Is there an example of a function $f:M\to \mathbb R$, where $M$ is a differentiable manifold, such that $f$ is constant on the hypersurface $\Sigma$ and its exterior derivative $df\neq 0$ on $\Sigma$?
My intuition of the exterior derivative is simply how $f$ changes in any arbitrary direction. Is this not right?
I ask this due to a proof in these notes on page 125 for the Lemma $K_{ab}=K_{ba}$. The first line of the proof suggests that such an example exists? Or perhaps I have misunderstood something?
No. (and Yes)
When first starting differentiable topology I suggest trying to use coordinates to try to answer questions like this. Sometimes the answer is less elegant, but it allows you to use your intuition from multivariable calc more effectively.
Now on to the question. There are two ways to interpret this. The first is that if $f|_\Sigma=$constant then $df|_{T\Sigma}$ can be nonzero. For this interpretation the answer is NO. The reasoning is below.
You should be able to locally view the hypersurfaces as a codimension 1 foliation. Then you can find a local coordinate system $(x_1, ..., x_n)$ where the coordinates $(x_1, ..., x_{n-1})$ are the coordinates of the hypersurface. If you write $df$ in these coordinates then it will just be the matrix of the partial derivatives. Since $f$ is constant on the first coordinates then $df=0$ on these coordinates (ie. the hypersurface).
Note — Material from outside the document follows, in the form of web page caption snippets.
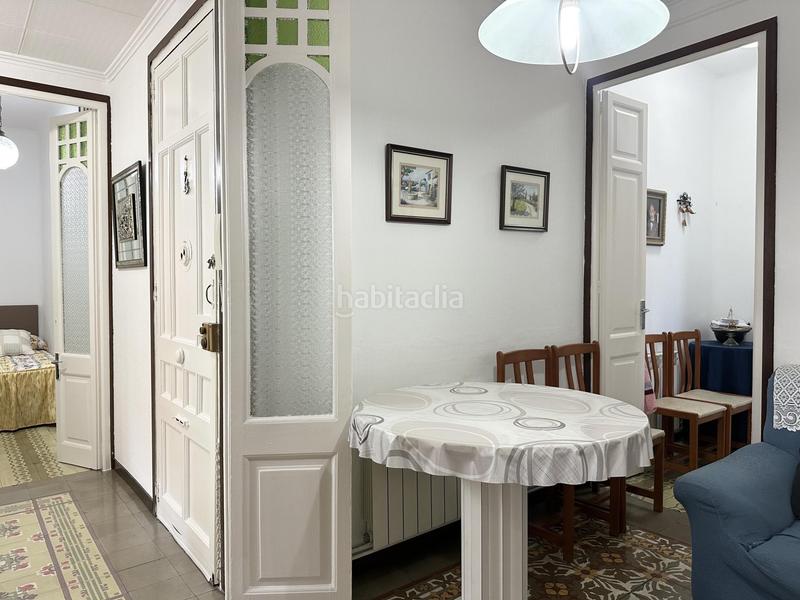 Foto 4033c897-e6b7-4359-88b9-9d8c84a60888. Appartement dans bases de Manresa - carretera de santpedor Manresa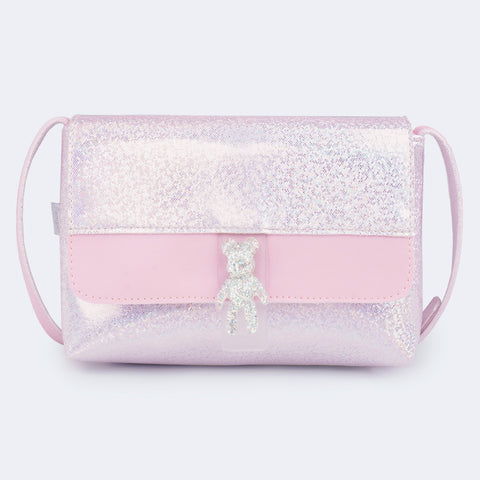 600.1496.00-ROSA DANONE_2.jpg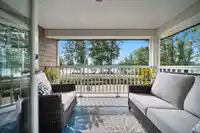 28 19452 FRASER WAY - thumbnail 26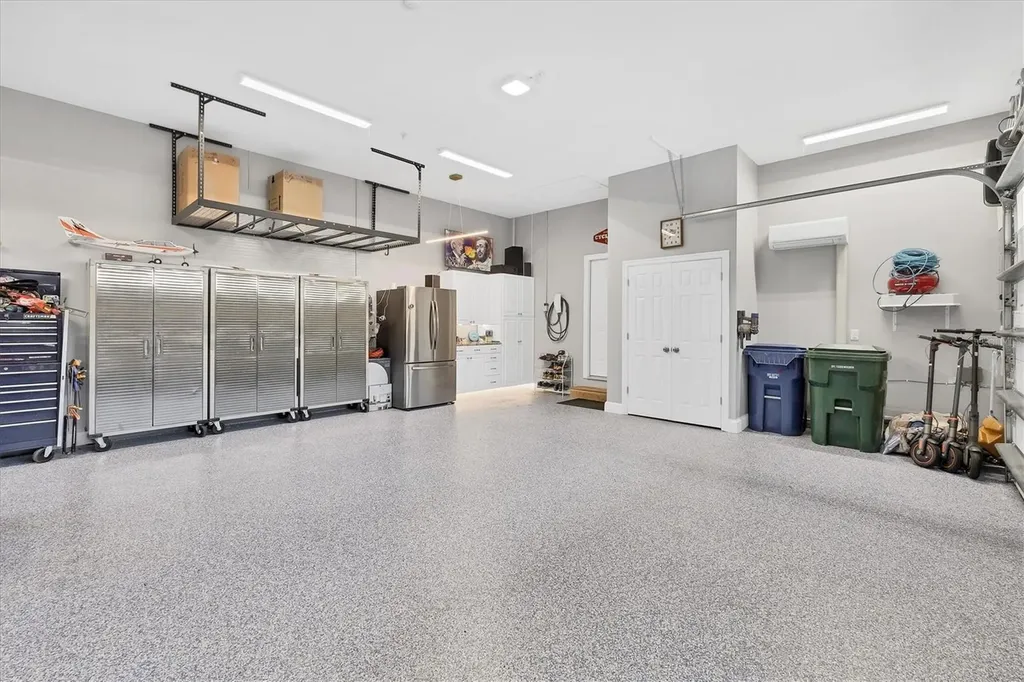 3386 Charles Macdonald Drive Sarasota FL 34240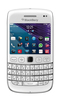 Смартфон BlackBerry Bold 9790 White - Татарск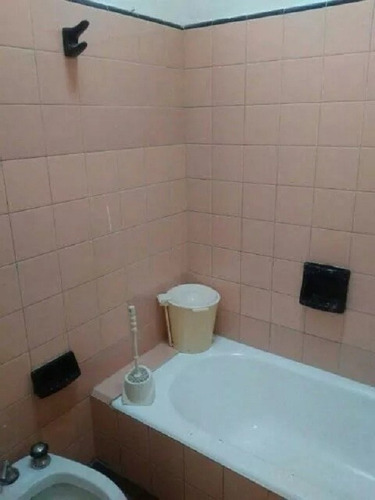 Imagen 7 de 13 de Oportunidad - Departamento Tipo Casa De 3 Ambientes En Venta - El Palomar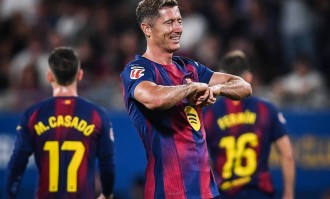 佩德里闪耀西甲！传球成功率93%的背后，战术与技术的完美结合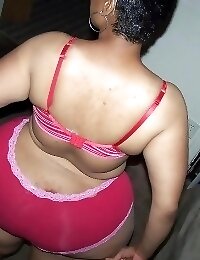 Black backside hot sex pics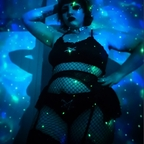 psychedelicg0thth0t OnlyFans Leak 

 profile picture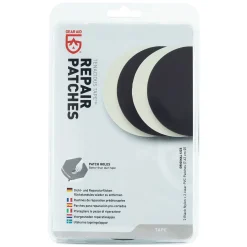 McNETT Reparatur-Flicken Gear Aid Tenacious Tape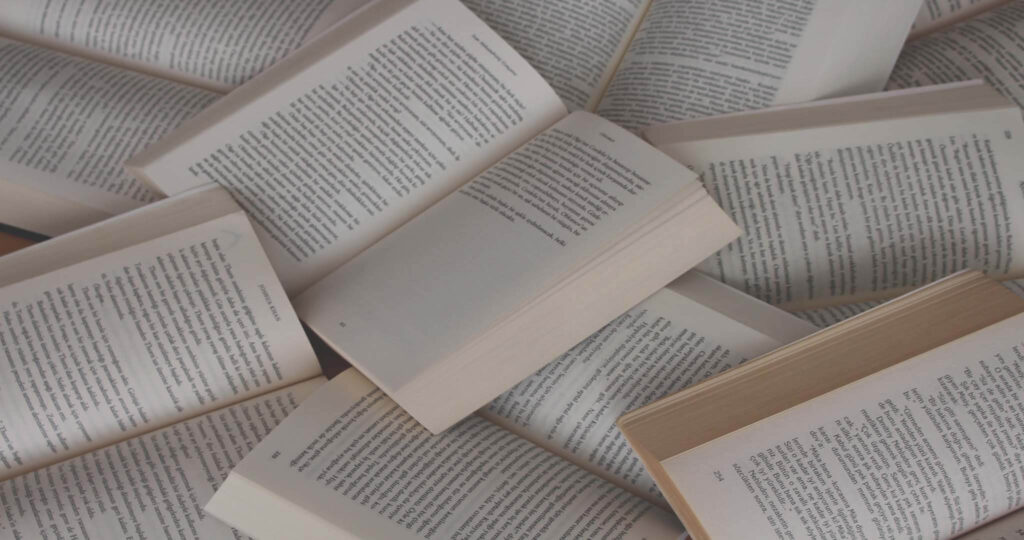 10 Best Books on Business Development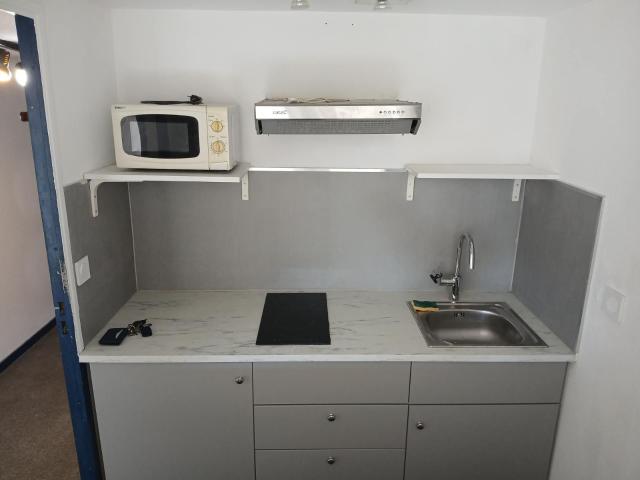 Appartement vente à Toulouse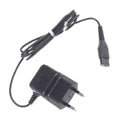 Recambio Philips One Blade - Alimentador cargador para afeitadora - 422203629001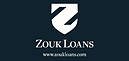 Zouk Loans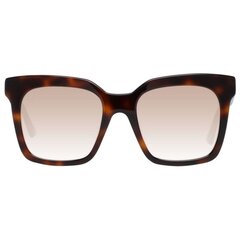 Saulesbrilles sievietēm Web Eyewear WE0222-52Z cena un informācija | Saulesbrilles sievietēm | 220.lv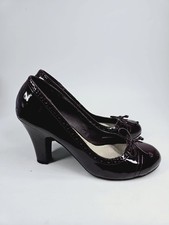 Clarks Bombay Lights Court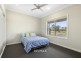 31 Tambo Boulevard, Metung VIC 3904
The second is that if $f$ is constant on $\Sigma$ then can $df$ on all of $TM$ but $\textit{at a point in}$ $\Sigma$ be nonzero, and the point there is Yes. This is what happens in the link in the OP.
For example consider the function $\mathbb{R}^2\rightarrow\mathbb{R}$ given by $f(x, y)=x$. Letting the $y$-axis be $\Sigma$ we get exactly the situation above.